Follow your whims. Talk with students and professors who share your interests. You’ll meet a thousand dead ends, but finding the right path is priceless. Don’t expect it to find you and don’t think that it doesn’t matter.
Don’t Sweat the social circles
It might seem like getting into the right frat/sorority and hanging out with the “cool people” is a huge deal, but realize that none of this will matter at all in four short years. The people that are concerned with social circles are insecure. They feel a need to validate themselves with an outside authority. Have the confidence to validate yourself and people will love you for it.
At the end of college those circles evaporate and what remains are the lasting friendships you’ve made. Don’t chase coolness at the expense of real relationships. I wasted a couple years being frustrated by my social position when I should have had confidence in myself.
Neither studying, nor partying, is everything
Don’t be one dimensional; it is important to find balance and avoid extremes. There is a lot more to success than having the best grades and there is a lot more to having a great time than partying nonstop. Don’t let an obsession with either keep you from getting the most out of college.

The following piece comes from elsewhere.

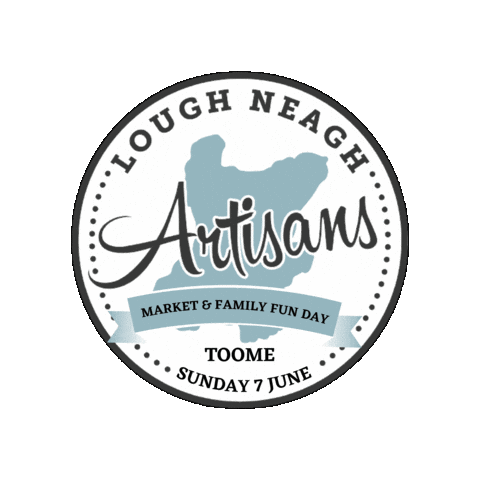 Lough Neagh Artisans Sticker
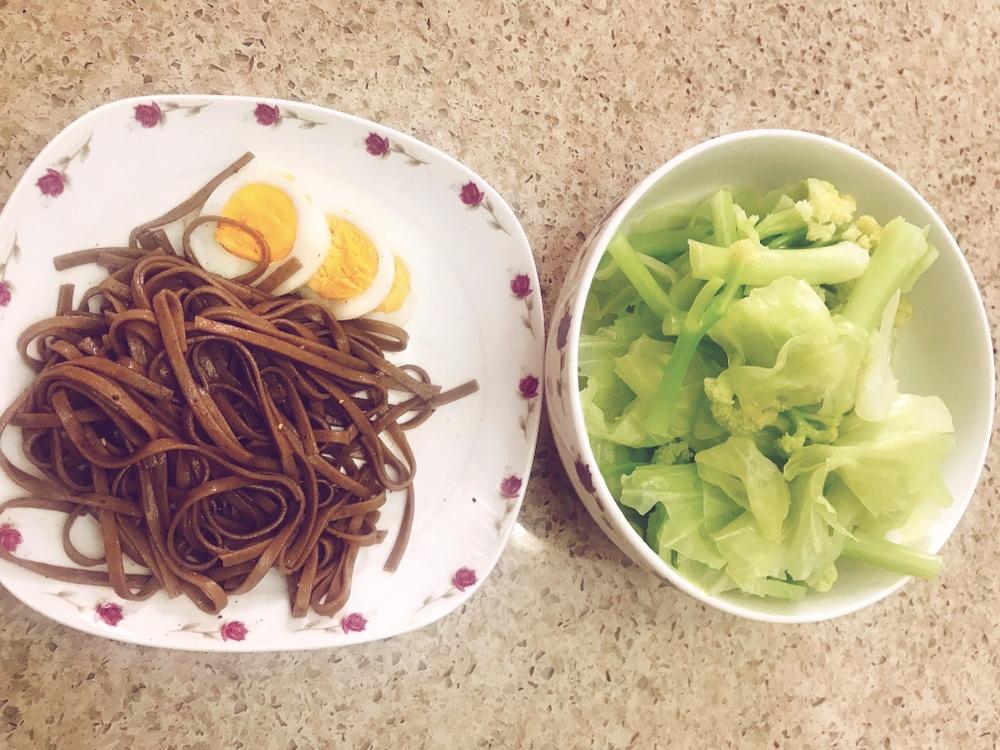 日式凉拌荞麦面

By being one dimensional, you cut yourself off from meeting people who think differently than you. If you obsess over grades, you won’t realize that there are a lot of really smart people who don’t get good grades. Success is built on more than following the professor’s instructions.
If all you do is party, at the end of college when the party ends, you’ll see that many of your “friends” were only there for the good times, and that without stimulants you have few lasting relationships. It took me a long time to learn that partying nonstop is just as dull and monotonous as studying nonstop. Don’t miss a great opportunity to meet interesting people and discover what really makes you happy.
I hope this letter inspires you to make the most of your college experience and avoid the mistakes that I made. You have a great opportunity to position yourself on a path to happiness and success. By being smart now, you’ll save yourself a lot of time and hardship later. Best of luck in all your future endeavors!